:: SUPPLIED RECORDS ::

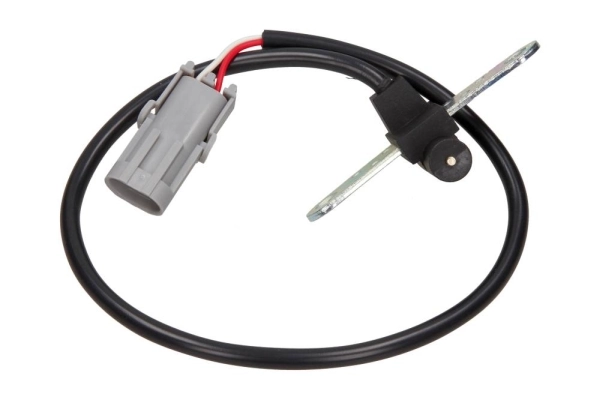 Sensor, camshaft position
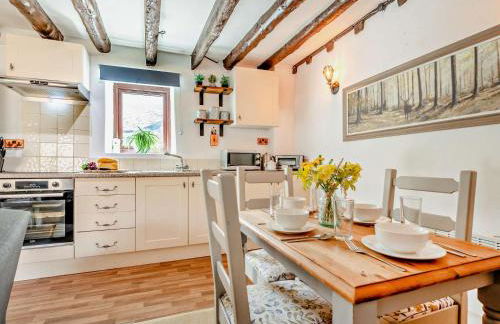 2 Bed in Bodmin oc-90216 - Foto 11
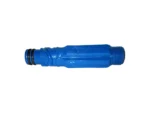 Jabsco Flush Mount Hose Adapter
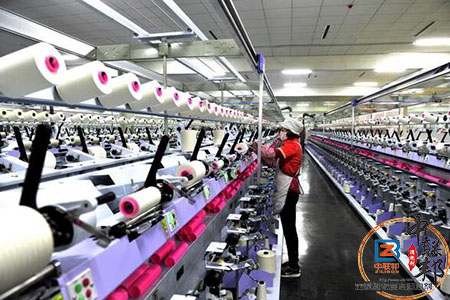 染料用消泡劑 染料用消泡劑在紡織中應(yīng)用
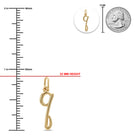 [group: q-10k-gold]
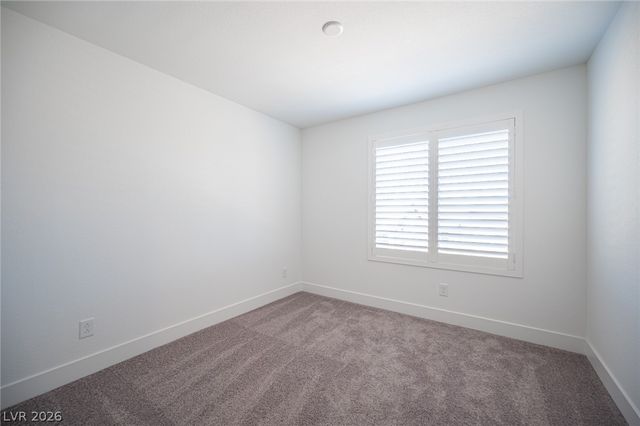 5845 Marigold Sunset Court, Las Vegas, NV 89113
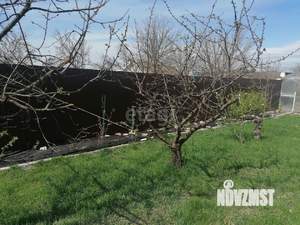 Дом 150м², 2-этажный, участок 10 сот.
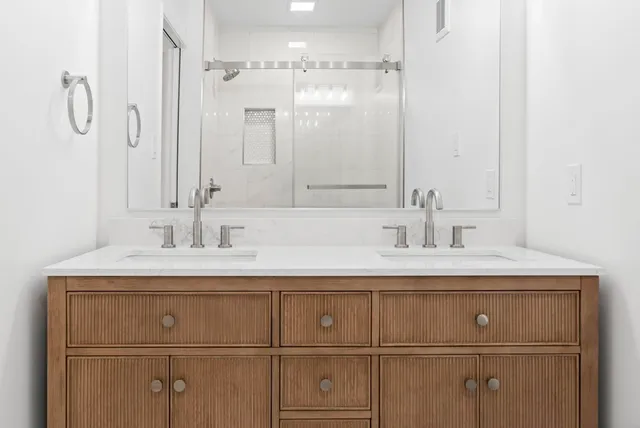 $2,200,000 | 260-260 Amber Drive, San Francisco, CA 94131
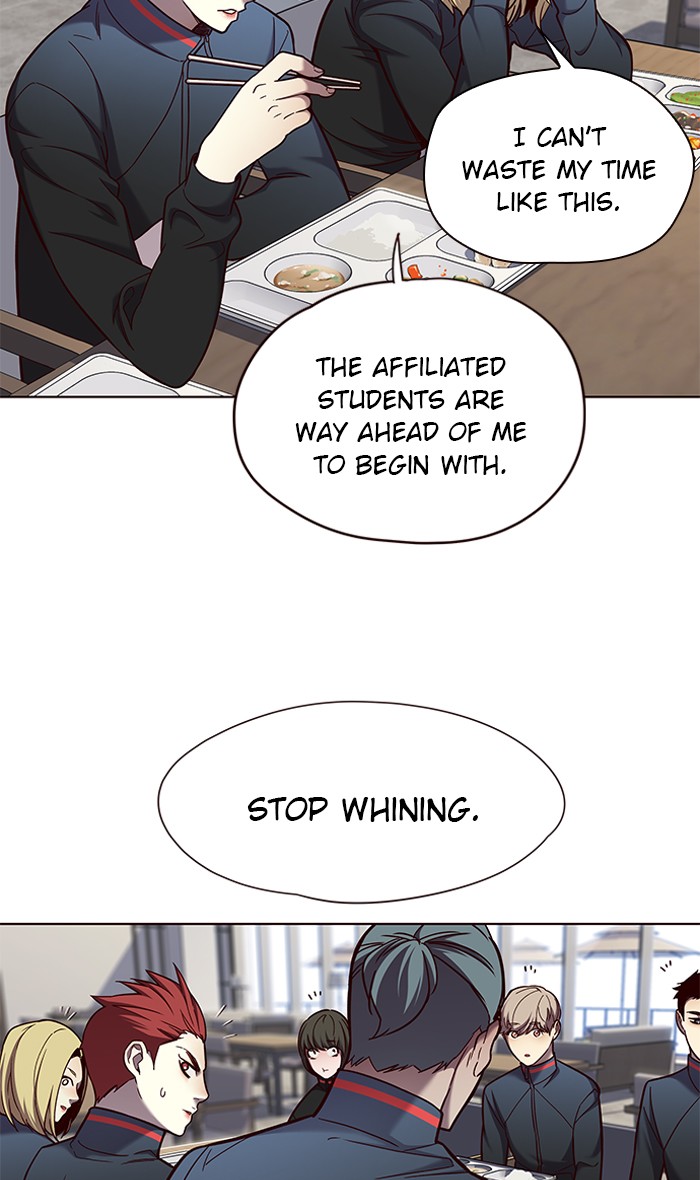 Eleceed chapter 74 page 34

:::

— REQUIRED WORK —
Line by line, reproduce exactly the lines from the one containing "5845 Marigold Sunset" through the final line of the material, both included, leaving every picture out.

— OUTPUT —
 5845 Marigold Sunset Court, Las Vegas, NV 89113
 Дом 150м², 2-этажный, участок 10 сот.
 $2,200,000 | 260-260 Amber Drive, San Francisco, CA 94131
 Eleceed chapter 74 page 34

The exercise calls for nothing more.